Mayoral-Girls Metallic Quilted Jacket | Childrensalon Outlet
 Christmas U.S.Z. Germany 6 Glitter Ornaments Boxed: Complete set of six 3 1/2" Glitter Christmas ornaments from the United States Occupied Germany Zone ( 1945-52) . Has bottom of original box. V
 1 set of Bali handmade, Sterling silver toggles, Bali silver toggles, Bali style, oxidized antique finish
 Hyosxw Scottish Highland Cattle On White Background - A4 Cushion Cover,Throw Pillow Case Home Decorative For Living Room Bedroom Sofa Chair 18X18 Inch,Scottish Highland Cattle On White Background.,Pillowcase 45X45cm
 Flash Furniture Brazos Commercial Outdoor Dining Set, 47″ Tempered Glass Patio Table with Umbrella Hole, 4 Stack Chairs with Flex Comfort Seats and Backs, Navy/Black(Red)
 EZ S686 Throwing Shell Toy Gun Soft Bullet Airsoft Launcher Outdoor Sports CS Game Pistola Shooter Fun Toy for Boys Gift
────────
# Exercise
Going down from the first line of the entries above, restate each line word for word until the line holding "Christmas U.S.Z. Germany" is done.

# Your response
Mayoral-Girls Metallic Quilted Jacket | Childrensalon Outlet
 Christmas U.S.Z. Germany 6 Glitter Ornaments Boxed: Complete set of six 3 1/2" Glitter Christmas ornaments from the United States Occupied Germany Zone ( 1945-52) . Has bottom of original box. V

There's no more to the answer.